12.         M. A______ a été dûment convoqué pour l’audience de ce jour devant le tribunal, par le biais de son conseil. La convocation lui a au surplus été adressée, par courrier électronique à l'adresse du foyer des D______.

13.        Lors de l’audience de ce jour, M. A______ a indiqué être arrivé en Suisse en 2000 et avoir reçu un titre de séjour suite à son mariage, permis B renouvelé plusieurs fois jusqu'à ce qu'il se voie octroyer un permis d'établissement. Son centre de vie sociale à Genève se trouvait dans le quartier de E______ et de F______, ainsi que dans le centre-ville. S'il faisait l'objet d'une décision de renvoi de Suisse, il avait néanmoins construit toute sa vie dans ce pays depuis 22 ans et il avait quasiment complètement coupé les liens avec le Maroc, où il n'était retourné que pour de très courts séjours annuels. Chaque mardi, il devait se rendre au poste de police de G______ pour attester de sa présence. Il ne possédait aucun véhicule à moteur et se déplaçait en transports publics ou à vélo.

La représentante de l'OCPM a indiqué que si la demande de prolongation de l'assignation indiquait que M. A______ demeurait inscrit sur un vol spécial par voie maritime, cela visait essentiellement les modalités de ce renvoi, car il était exact qu'aucune date n'était prévue pour le moment. Ces modalités découlaient en l'espèce de l'échec successif d'un vol DEPU et DEPA. Elle a rappelé que l'identification de M. A______ par les autorités marocaines avait eu lieu en juin 2021 et qu'au moment où le Maroc avait levé l'état d'urgence à cette même époque, la Suisse disposait d'une trentaine de places pour des renvois sous la contrainte. M. A______ n'était cependant pas éligible à un tel renvoi, compte tenu du fait qu'il faisait l'objet d'une procédure pénale en cours. La chambre pénale d'appel et de révision avait mis un terme à cette procédure par arrêt du 4 novembre 2021 et la suspension des communications par voie maritime avec le Maroc avait eu lieu à partir du 29 novembre 2021. Elle a précisé qu'il n'y avait pour l'heure pas de vols spéciaux acceptés par le Maroc en provenance de la Suisse. Elle a confirmé la demande de prolongation de l’assignation à la commune de B______ de Monsieur A______ déposée le 11 avril 2022 pour une durée de douze mois, soit jusqu’au 21 avril 2023. Elle a précisé encore que les liaisons aériennes avec le Maroc étaient actuellement ouvertes et que les vols accompagnés avaient lieu

L'intéressé, par l'intermédiaire de son conseil, a conclu principalement au rejet de la prolongation de l'assignation, subsidiairement à l'obligation de se présenter à un poste de police hebdomadairement, et plus subsidiairement à la réduction de la durée de son assignation à trois mois.

EN DROIT

1.             Le tribunal est compétent pour prolonger, « à chaque fois de 6 mois au plus », l'interdiction de quitter un territoire assigné ou de pénétrer dans une région déterminée prise à l'encontre d'un étranger (art. 115 al. 1 et 116 al. 1 de la loi sur l'organisation judiciaire du 26 septembre 2010 - LOJ - E 2 05 ; art. 7 al. 4 let. b LaLEtr).
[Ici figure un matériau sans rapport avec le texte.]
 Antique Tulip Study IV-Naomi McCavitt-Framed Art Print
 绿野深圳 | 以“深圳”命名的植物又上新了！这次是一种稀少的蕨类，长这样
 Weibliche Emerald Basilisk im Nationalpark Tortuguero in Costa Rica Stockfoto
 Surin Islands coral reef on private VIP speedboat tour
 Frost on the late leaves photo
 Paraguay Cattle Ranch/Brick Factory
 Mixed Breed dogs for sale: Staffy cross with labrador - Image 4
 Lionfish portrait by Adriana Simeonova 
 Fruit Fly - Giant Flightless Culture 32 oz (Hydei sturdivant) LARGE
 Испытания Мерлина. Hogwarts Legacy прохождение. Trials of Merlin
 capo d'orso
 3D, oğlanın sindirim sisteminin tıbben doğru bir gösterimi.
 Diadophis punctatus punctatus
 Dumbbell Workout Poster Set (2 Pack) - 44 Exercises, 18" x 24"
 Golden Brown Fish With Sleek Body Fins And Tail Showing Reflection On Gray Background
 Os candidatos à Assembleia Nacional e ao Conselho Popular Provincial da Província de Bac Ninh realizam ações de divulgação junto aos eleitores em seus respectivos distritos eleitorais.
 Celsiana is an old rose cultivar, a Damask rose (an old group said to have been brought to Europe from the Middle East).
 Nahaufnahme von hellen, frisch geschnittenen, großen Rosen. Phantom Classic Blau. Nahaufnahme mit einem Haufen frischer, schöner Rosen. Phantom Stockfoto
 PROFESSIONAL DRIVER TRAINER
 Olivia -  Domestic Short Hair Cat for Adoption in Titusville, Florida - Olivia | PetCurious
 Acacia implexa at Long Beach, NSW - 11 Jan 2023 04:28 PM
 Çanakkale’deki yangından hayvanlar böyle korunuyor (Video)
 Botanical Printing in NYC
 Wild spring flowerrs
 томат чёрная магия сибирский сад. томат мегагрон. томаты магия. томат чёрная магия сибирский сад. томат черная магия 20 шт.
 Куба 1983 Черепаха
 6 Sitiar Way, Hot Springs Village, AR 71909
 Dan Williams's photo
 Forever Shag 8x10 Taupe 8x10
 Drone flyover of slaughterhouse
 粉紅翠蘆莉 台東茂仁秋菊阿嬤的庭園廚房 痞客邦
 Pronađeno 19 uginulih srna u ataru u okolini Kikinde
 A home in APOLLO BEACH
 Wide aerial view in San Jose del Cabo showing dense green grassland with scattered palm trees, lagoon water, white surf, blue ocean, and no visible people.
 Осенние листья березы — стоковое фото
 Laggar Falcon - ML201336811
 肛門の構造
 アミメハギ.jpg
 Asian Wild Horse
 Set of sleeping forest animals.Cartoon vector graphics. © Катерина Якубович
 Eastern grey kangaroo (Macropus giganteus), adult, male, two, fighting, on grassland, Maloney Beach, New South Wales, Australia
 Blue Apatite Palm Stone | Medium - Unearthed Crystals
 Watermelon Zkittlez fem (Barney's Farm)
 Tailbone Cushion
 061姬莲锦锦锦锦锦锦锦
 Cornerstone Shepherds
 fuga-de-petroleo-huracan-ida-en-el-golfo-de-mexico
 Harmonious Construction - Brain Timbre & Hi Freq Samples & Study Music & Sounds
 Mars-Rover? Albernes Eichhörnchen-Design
2.             S’il entend demander la prolongation de l’interdiction de quitter un territoire assigné ou de pénétrer dans une région déterminée, l'OCPM doit saisir le tribunal d’une requête écrite et motivée au plus tard 96 heures avant l’expiration des 6 mois d’interdiction (art. 8 al. 2 LaLEtr).

3.             Une telle requête a été déposée en l'occurrence et, statuant ce jour au terme de la procédure orale prévue par l'art. 9 al. 5 LaLEtr, le tribunal respecte le délai de 96 heures courant dès sa saisine que lui impose l'art. 9 al. 2 LaLEtr.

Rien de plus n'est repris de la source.